Many other missionary hymns came from the gifted writer in succeeding years, and immediately after his graduation from Andover he became editor of a missionary magazine, through which he wielded a great influence. When the “Lone Star” mission in India was in danger of being abandoned because of lack of funds, Smith did much to save it by writing a poem with the title, “Lone Star.” Another missionary hymn by him begins with the line, “Onward speed thy conquering flight.” However, it does not attain to the poetic heights of “The morning light is breaking,” which has been compared to Heber’s “From Greenland’s icy mountains” in spiritual fervor and literary merit.

Another interesting hymn written by Smith during his student days is called “The Missionary’s Farewell.” The first stanza reads:

Yes, my native land, I love thee;

All thy scenes, I love them well;

Friends, connections, happy country,

Can I bid you all farewell?

Can I leave you,

Far in heathen lands to dwell?

Although Dr.
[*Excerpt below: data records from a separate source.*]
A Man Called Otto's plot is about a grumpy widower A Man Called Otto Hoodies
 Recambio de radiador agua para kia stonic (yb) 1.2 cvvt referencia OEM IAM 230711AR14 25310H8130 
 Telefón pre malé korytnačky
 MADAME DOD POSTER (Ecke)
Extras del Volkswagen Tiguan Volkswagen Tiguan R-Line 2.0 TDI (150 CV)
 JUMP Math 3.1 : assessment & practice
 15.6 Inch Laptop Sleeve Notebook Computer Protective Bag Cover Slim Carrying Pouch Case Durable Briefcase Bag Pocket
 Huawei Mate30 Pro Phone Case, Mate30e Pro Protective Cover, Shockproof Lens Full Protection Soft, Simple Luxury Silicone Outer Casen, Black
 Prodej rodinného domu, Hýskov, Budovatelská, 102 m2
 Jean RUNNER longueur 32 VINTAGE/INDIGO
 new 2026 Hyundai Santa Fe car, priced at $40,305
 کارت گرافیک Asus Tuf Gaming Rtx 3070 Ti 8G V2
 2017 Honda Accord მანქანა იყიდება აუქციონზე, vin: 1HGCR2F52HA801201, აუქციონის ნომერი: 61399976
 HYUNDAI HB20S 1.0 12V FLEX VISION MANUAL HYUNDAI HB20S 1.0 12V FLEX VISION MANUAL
Smith never carried out his earlier resolve to become a missionary, he visited many foreign fields and had the satisfaction of hearing his own hymns sung in many tongues. Referring to “The morning light is breaking,” he once wrote:

“It has been a great favorite at missionary gatherings, and I have myself heard it sung in five or six different languages in Europe and Asia. It is a favorite with the Burmans, Karens and Telugus in Asia, from whose lips I have heard it repeatedly.”

A son of the distinguished hymn-writer became a missionary to the Burmans.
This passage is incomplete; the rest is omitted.